The ridiculously named EARN IT bill – the Eliminating Abuse and Rampant Neglect of Interactive Technologies Act – has made it through committee stage.

Like many measures designed to tackle Child Sexual Abuse Material (CSAM), the bill is well intentioned, but could have some very significant unintended consequences. These may include making it harder to prosecute offenders, and making end-to-end encryption less available …

Background

The bill was first proposed back in 2019, and concerns were raised that it could threaten end-to-end encryption.

The acronym is intended to suggest that tech companies should be required to “earn” the right to Section 230 protections, which mean that companies proving communication platforms can’t be held legally liable for things posted by users.

Reuters reports that the bill seeks to impose conditions on this protection, and that providing a backdoor to encryption is believed to be one of them.

Bill co-sponsor Senator Lindsey Graham has previously called on Apple to break the strong encryption used to protect iPhones.

Three concerns about the EARN IT bill

CNN reports that the bill has now made it through committee, despite concerns.

A controversial bill targeting how tech platforms and websites handle child sexual abuse material cleared a key hurdle on Thursday as a Senate panel voted to approve the legislation despite vocal objections from civil rights groups who say the proposal as written will backfire and harm all internet users.

Three separate concerns have been raised:

Threat to encryption

If the law says that online platforms are responsible for CSAM material stored on them unless they proactively take steps to remove it, it could be argued that allowing end-to-end encryption would prevent them complying with the law – and therefore oblige them to cease offering messaging services that use it.

The bill has been slightly amended in an attempt to allay this concern, but critics say it doesn’t go nearly far enough (emphasis ours).

In response to concerns that the EARN IT Act could allow government officials to ban encryption, the bill’s co-authors added a provision that prohibits encryption from being used as the sole justification for CSAM lawsuits.

But that won’t be enough, the civil society groups wrote in their Tuesday letter. A platform’s support for encryption could easily be cited in a lawsuit in a guilt-by-association manner, with its mere existence serving as suggestive evidence of a website’s wrongdoing. And that, the groups said, “will serve as a strong disincentive to deploying encrypted services in the first place.”

Could make prosecuting offenders more difficult

A letter Tuesday by dozens of groups including the American Civil Liberties Union, Human Rights Campaign and the Wikimedia Foundation (the organization behind Wikipedia) said the bill could actually result in a lack of accountability for people spreading CSAM online.

If a state law forces websites “to monitor or filter their users’ content so it can be turned over to the government for criminal prosecution, the provider becomes an agent of the government and any CSAM it finds could become the fruit of an unconstitutional warrantless search,” the letter said.

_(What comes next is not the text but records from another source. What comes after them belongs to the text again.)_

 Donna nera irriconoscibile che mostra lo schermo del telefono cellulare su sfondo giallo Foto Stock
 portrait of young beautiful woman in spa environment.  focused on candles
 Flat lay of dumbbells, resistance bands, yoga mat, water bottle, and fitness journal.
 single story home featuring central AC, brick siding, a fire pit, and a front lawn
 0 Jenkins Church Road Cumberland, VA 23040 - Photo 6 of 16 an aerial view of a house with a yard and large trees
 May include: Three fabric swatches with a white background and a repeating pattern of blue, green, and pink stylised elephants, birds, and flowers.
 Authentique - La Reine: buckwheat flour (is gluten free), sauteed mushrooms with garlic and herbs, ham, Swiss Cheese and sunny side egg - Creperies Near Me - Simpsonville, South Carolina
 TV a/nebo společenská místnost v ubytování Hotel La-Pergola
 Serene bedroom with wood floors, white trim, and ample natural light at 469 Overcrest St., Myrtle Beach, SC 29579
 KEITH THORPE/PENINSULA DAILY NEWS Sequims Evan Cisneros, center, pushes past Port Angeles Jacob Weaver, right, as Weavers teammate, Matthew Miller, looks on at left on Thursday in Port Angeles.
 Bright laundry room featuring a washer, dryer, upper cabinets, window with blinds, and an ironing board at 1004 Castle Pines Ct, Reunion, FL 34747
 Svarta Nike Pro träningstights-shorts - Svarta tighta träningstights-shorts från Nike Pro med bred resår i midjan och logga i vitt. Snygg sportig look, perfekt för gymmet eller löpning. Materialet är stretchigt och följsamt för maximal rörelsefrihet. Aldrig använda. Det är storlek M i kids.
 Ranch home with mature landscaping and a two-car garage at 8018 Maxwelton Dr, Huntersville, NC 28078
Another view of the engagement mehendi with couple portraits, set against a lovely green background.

The law could be different in every state

As written, the bill doesn’t tell platform providers what they need to do. Rather, it leaves the exact standard they have to meet to be determined at state level. This could result in a chaotic patchwork of 50 different requirements, and could put at risk anyone with a website or blog that allows comments.

If a state, let’s say New York, enacted a law saying that any interactive computer service … doesn’t remove CSAM within one hour of it being posted is liable for damages up to $1 million, a church with that type of interactive website could be strictly liable under that New York law.

9to5Mac’s Take

CSAM is utterly abhorrent, so it’s natural to want to take whatever measures we can to limit its spread. However, history is littered with examples of unintended consequences to well-intentioned laws.

For example, three strikes laws have been shown to dramatically increase homicides, because if an offender risks life imprisonment for a relatively minor offense, killing a witness or a cop reduces their chances of getting caught without lengthening their jail sentence if they do.

Lawmakers are often frighteningly ignorant when it comes to technology, so the risk of unintended consequences is particularly high in the case of tech law. A specific clause stating that the use of end-to-end encryption shall have no bearing on liability would remove that concern (though the other two issues would also need to be addressed).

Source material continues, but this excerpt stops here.